OH noooooooooooo! I hate BC. Hate it. I used to take the pill (Um. When I was 16.) and it was really hard to remember to take it at the same time every day. Then I switched to the shot which was once every three months, and that was great and all but it did make me gain about 15 pounds. Then I just stopped using any form of BC after we were married. We just tracked my ovulation/fertile times. I thought we were just doing an insanely good job, but when we started trying for Arlo it did take us a while so I think I'm/we aren't that fertile. But now since I don't have any BC I'm terrified we'll get pregnant again like BOOM. AHHHHHHHHHHHHH

Breenah said...

June will be 18 months with my Mirena and I'll definitely be on the lookout for symptoms. I'm really hoping it doesn't happen because it sounds like it sucks and there's really nothing else that'll work, blah. I'm glad you figured it out though!

steph nelsen said...

oh gosh : ( i don't know if you remember me, but i commented a long time ago (when you posted about feeling pregnant) that i had horrible complications with mirena, resulting in an ectopic pregnancy. so sorry to hear of yet another bad experience. i know three other women, personally - not just a friend of a friend - that each had an ectopic pregnancy with mirena, as well. hope you start feeling better soon :(

Olivia Grace said...

Birth control is the pits. Ugh. SO glad you found what was making you feel bad, though. We used natural family planning for a long time. It can seem a bit daunting at first but it's really easy, you really just learn to recognize your body's natural cycles and abstain during those times. NO hormones, no foreign things in your body.

Charlotte said...

I also have Paragard, and I HIGHLY recommend it. I've always hated the idea of putting synthetic hormones in my body, but I ignored it and went on the pill for our first two years of marriage. Well, one of the pills (Yaz) made me a crazy mess (read: thoughts of self-harm), but even when I was on a "better" pill, I never felt right. Like a low-grade depression, never felt like myself. Switching to the non-hormonal Paragard was wonderful. It has its drawbacks (yeah, heavier periods), but it is completely worth it, to feel normal again. I've had it for almost 3 years, and I've never had an issue with it coming loose or falling out. Plus, it's good for 10 years. Good luck in the BC journey!

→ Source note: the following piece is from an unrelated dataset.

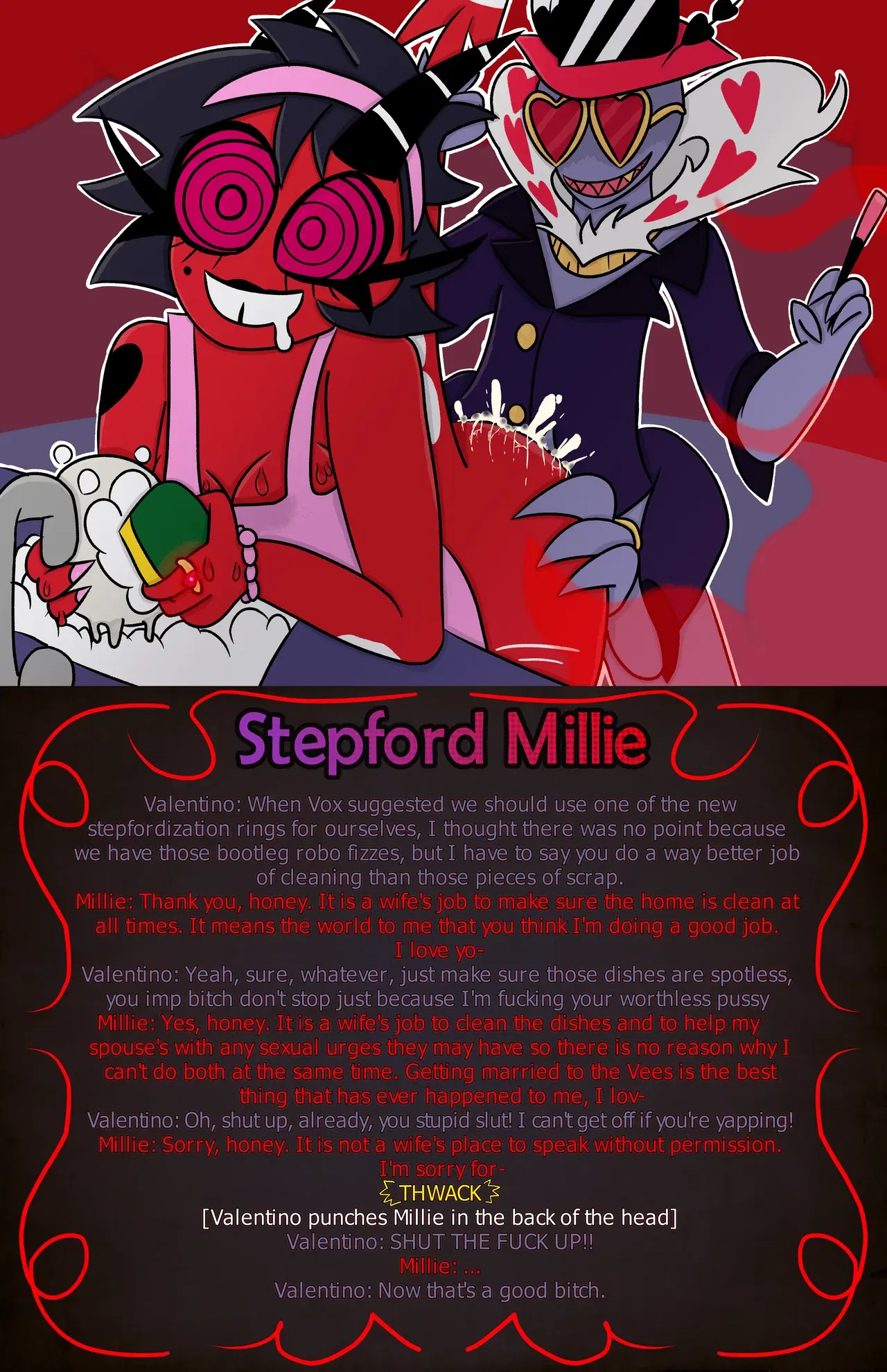 Image #81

Sara Bell- The Traveling PhoBlogWriPher said...

Lol, what a lovely song!
I'm so sorry you're dealing with this! I was falsely diagnosed with a genetic disorder around age 11 because of some blood clotting issues. I was put on birth control to help with blood clotting during that time of the month and had been on it since age 11 but have tried so many different ones since I've had so many problems with them. Yaz made me feel crazy and suicidal and my doctor at the time, whose office was papered in Yaz posters, refused to take me off it! I switched doctors that day. I think in general birth control is just terrible for you and I hope you're able to find one that works for your situation without making ya crazy!
I can definitely say I don't recommend Depo Provera for the same kinds of reasons, but I also read fairly recently about a "permanent" birth control method that didn't require surgery. It obviously doesn't matter for me right now so I didn't pay any attention to it but maybe you could search for that? I'm not promoting it in any way since I have no idea what it is or what it entails, just hoping to give you another option!

Nikole Taylor said...

Wow! Reading your story has made me feel so comforted in the fact that I was not alone with my Mirena issues! Not even a month after getting the Mirena my body completely rejected it. I had the most awful cramps for WEEKS. I was taking so much over the counter medication for the pain I had had enough. When I went to my ob to have it removed, she couldn't find it!!! What happened was it implanted itself elsewhere in my cervix. Talk about scary! After having it removed I'm back to my old self. And as for birth control, since I can't take the pill because of the hormones I use a spermicidal "sheet". It's over the counter and is just a strip that you insert and dissolves. I've been A-okay so far!
Good luck finding something that works!